**Extracted material:**

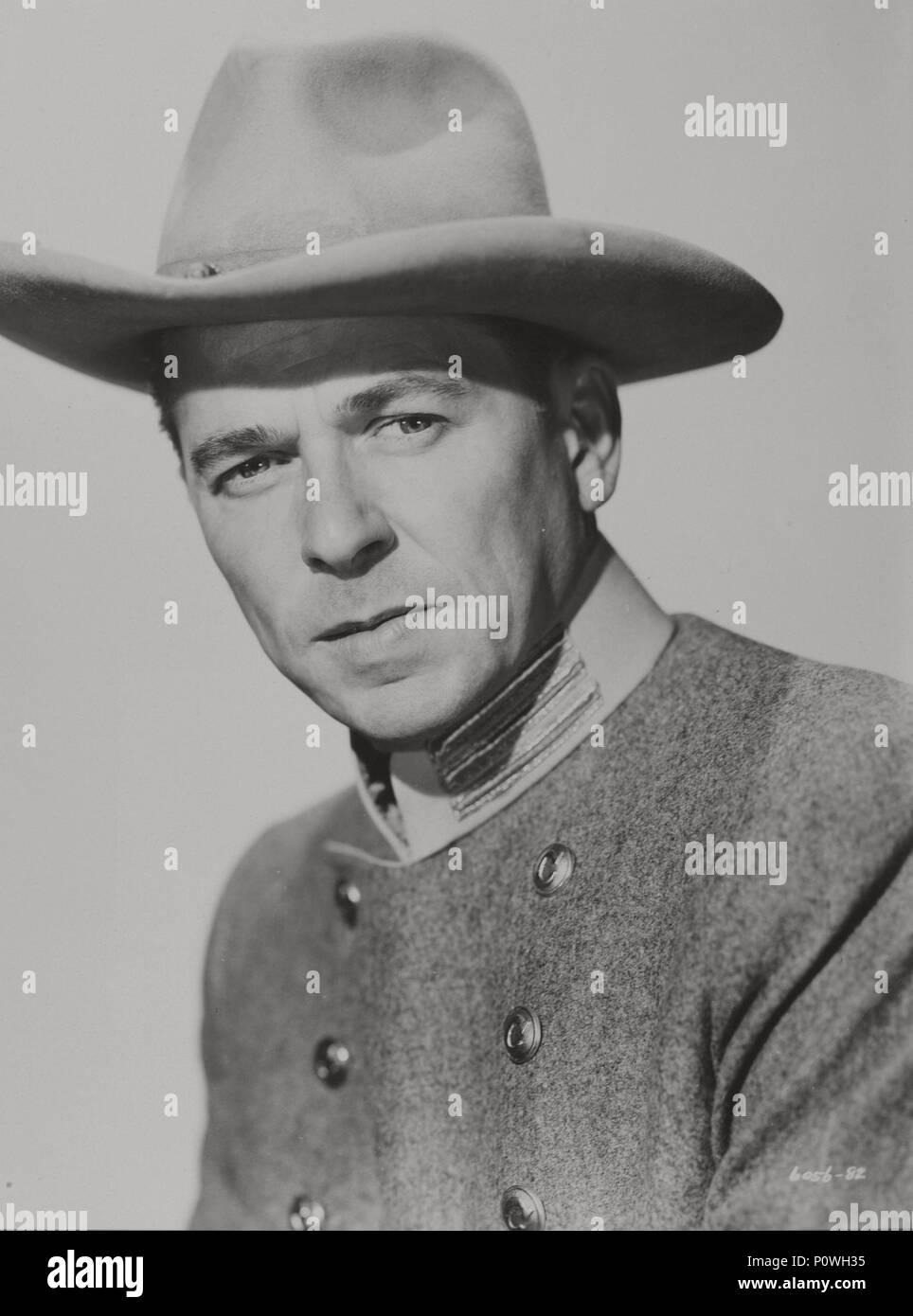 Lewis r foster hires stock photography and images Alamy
---
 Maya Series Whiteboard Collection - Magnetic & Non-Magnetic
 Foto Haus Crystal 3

**Your goal:** Please reproduce, exactly as they appear above, the lines from the line containing "Maya Series Whiteboard" up to and including the line containing "Foto Haus Crystal 3".

**Response to the task:**
 Maya Series Whiteboard Collection - Magnetic & Non-Magnetic
 Foto Haus Crystal 3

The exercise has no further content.